- **The task**: Give back all the records below, unaltered.

___ Information shown ___

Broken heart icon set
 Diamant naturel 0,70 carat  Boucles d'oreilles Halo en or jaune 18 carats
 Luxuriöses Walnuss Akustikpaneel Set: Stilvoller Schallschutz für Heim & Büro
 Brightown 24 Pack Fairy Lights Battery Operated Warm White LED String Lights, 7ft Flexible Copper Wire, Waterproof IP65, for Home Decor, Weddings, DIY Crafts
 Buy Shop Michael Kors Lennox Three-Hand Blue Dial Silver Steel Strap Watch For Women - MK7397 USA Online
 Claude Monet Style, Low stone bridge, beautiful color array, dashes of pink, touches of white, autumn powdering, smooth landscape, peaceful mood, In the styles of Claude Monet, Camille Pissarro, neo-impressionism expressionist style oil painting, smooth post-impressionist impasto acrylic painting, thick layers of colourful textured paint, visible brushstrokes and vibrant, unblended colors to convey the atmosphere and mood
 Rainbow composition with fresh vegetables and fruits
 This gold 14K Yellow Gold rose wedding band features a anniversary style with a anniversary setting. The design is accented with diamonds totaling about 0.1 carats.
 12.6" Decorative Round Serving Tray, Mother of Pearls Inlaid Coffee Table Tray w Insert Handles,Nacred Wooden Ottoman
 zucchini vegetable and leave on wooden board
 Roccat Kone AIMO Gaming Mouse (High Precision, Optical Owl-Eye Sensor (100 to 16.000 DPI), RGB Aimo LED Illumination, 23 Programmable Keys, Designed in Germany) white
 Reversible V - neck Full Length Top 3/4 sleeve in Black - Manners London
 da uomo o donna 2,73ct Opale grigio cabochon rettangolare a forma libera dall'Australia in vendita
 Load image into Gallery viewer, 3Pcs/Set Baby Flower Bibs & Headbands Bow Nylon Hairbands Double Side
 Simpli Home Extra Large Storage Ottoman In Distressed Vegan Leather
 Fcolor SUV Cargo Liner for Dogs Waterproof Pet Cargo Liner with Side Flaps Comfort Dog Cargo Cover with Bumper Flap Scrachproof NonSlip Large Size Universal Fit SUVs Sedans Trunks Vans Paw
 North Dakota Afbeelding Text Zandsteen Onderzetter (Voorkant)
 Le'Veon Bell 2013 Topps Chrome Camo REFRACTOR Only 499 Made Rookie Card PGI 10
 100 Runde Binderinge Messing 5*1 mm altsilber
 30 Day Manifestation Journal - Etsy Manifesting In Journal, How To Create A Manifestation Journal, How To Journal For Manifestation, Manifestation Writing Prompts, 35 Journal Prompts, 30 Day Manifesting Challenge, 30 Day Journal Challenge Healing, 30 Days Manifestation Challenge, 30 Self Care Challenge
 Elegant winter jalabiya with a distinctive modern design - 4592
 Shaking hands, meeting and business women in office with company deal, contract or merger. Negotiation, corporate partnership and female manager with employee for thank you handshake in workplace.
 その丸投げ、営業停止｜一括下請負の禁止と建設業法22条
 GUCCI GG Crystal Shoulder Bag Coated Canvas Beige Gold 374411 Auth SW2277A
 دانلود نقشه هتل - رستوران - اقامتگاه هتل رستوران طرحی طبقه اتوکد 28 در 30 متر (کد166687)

___

- **Answer space**:
Broken heart icon set
 Diamant naturel 0,70 carat  Boucles d'oreilles Halo en or jaune 18 carats
 Luxuriöses Walnuss Akustikpaneel Set: Stilvoller Schallschutz für Heim & Büro
 Brightown 24 Pack Fairy Lights Battery Operated Warm White LED String Lights, 7ft Flexible Copper Wire, Waterproof IP65, for Home Decor, Weddings, DIY Crafts
 Buy Shop Michael Kors Lennox Three-Hand Blue Dial Silver Steel Strap Watch For Women - MK7397 USA Online
 Claude Monet Style, Low stone bridge, beautiful color array, dashes of pink, touches of white, autumn powdering, smooth landscape, peaceful mood, In the styles of Claude Monet, Camille Pissarro, neo-impressionism expressionist style oil painting, smooth post-impressionist impasto acrylic painting, thick layers of colourful textured paint, visible brushstrokes and vibrant, unblended colors to convey the atmosphere and mood
 Rainbow composition with fresh vegetables and fruits
 This gold 14K Yellow Gold rose wedding band features a anniversary style with a anniversary setting. The design is accented with diamonds totaling about 0.1 carats.
 12.6" Decorative Round Serving Tray, Mother of Pearls Inlaid Coffee Table Tray w Insert Handles,Nacred Wooden Ottoman
 zucchini vegetable and leave on wooden board
 Roccat Kone AIMO Gaming Mouse (High Precision, Optical Owl-Eye Sensor (100 to 16.000 DPI), RGB Aimo LED Illumination, 23 Programmable Keys, Designed in Germany) white
 Reversible V - neck Full Length Top 3/4 sleeve in Black - Manners London
 da uomo o donna 2,73ct Opale grigio cabochon rettangolare a forma libera dall'Australia in vendita
 Load image into Gallery viewer, 3Pcs/Set Baby Flower Bibs & Headbands Bow Nylon Hairbands Double Side
 Simpli Home Extra Large Storage Ottoman In Distressed Vegan Leather
 Fcolor SUV Cargo Liner for Dogs Waterproof Pet Cargo Liner with Side Flaps Comfort Dog Cargo Cover with Bumper Flap Scrachproof NonSlip Large Size Universal Fit SUVs Sedans Trunks Vans Paw
 North Dakota Afbeelding Text Zandsteen Onderzetter (Voorkant)
 Le'Veon Bell 2013 Topps Chrome Camo REFRACTOR Only 499 Made Rookie Card PGI 10
 100 Runde Binderinge Messing 5*1 mm altsilber
 30 Day Manifestation Journal - Etsy Manifesting In Journal, How To Create A Manifestation Journal, How To Journal For Manifestation, Manifestation Writing Prompts, 35 Journal Prompts, 30 Day Manifesting Challenge, 30 Day Journal Challenge Healing, 30 Days Manifestation Challenge, 30 Self Care Challenge
 Elegant winter jalabiya with a distinctive modern design - 4592
 Shaking hands, meeting and business women in office with company deal, contract or merger. Negotiation, corporate partnership and female manager with employee for thank you handshake in workplace.
 その丸投げ、営業停止｜一括下請負の禁止と建設業法22条
 GUCCI GG Crystal Shoulder Bag Coated Canvas Beige Gold 374411 Auth SW2277A
 دانلود نقشه هتل - رستوران - اقامتگاه هتل رستوران طرحی طبقه اتوکد 28 در 30 متر (کد166687)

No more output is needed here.